Conditional Probability

Conditional probability is just like unconditional probability except it depends on the observed value(s) of some random variable(s).

If there are two random variables \(X\) and \(Y\), and you observe \(X\) before you observe \(Y\), then what you find out about \(X\) may change what you expect to find out about \(Y\) when you observe it.

If the (joint) probability mass function (PMF) for \(X\) and \(Y\) is \(f\), then the conditional PMF of \(Y\) given \(X\) is proportional to \(f(x, y)\) thought of as a function of \(y\) for fixed \(x\). So when we are conditioning on \(x\), the variable \(x\) is no longer playing the role of a random variable. It is fixed at its observed value throughout the discussion. Thus the PMF of \(Y\) given \(X\) is \[ f(y \mid x) = c \cdot f(x, y) \] where the constant \(c\) is chosen to make the left-hand side a probability distribution thought of as a function of \(y\) for fixed \(x\), that is, \[\begin{gather*} f(y \mid x) \ge 0, \qquad \text{for all $y$} \\ \sum_y f(y \mid x) = 1 \end{gather*}\]

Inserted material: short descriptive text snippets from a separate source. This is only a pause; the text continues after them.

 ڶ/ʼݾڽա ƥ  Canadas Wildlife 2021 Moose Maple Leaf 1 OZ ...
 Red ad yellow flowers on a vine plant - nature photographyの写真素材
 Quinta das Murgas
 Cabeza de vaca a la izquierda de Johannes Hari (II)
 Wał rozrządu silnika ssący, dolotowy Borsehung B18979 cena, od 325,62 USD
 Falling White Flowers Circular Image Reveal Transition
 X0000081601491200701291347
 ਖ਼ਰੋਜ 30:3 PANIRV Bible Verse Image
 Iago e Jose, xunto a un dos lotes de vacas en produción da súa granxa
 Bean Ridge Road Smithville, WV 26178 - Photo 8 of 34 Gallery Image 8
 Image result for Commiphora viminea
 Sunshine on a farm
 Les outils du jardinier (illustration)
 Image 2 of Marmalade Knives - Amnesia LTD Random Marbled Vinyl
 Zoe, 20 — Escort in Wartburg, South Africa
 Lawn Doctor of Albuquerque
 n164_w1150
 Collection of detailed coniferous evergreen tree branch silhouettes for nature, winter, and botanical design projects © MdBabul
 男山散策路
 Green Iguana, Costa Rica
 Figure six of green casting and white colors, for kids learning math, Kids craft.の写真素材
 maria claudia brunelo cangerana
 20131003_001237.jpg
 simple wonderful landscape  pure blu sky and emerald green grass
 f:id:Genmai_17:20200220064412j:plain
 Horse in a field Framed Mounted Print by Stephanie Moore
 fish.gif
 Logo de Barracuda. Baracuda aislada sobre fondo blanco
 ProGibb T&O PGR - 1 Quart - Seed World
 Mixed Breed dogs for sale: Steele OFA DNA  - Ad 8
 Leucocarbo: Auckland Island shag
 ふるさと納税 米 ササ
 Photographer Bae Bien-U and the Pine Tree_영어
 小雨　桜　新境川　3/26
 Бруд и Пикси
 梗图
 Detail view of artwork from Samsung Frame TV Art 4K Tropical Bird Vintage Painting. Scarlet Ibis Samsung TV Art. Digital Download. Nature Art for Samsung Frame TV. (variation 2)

The PMF \(f(\,\cdot\, | x)\) depends on \(x\), but \(x\) is not an argument of the function, so it is really more like a parameter. In fact, there is really no difference between a parametric family of probability distributions \(f_\theta\) and a conditional distribution. In both case the distribution depends on something that is not considered and argument.

For this reason, Bayesian statisticians always write parametric families as conditional distributions. They write \(f(x \mid \theta)\) instead of \(f_\theta(x)\), but that is getting a bit ahead of ourselves.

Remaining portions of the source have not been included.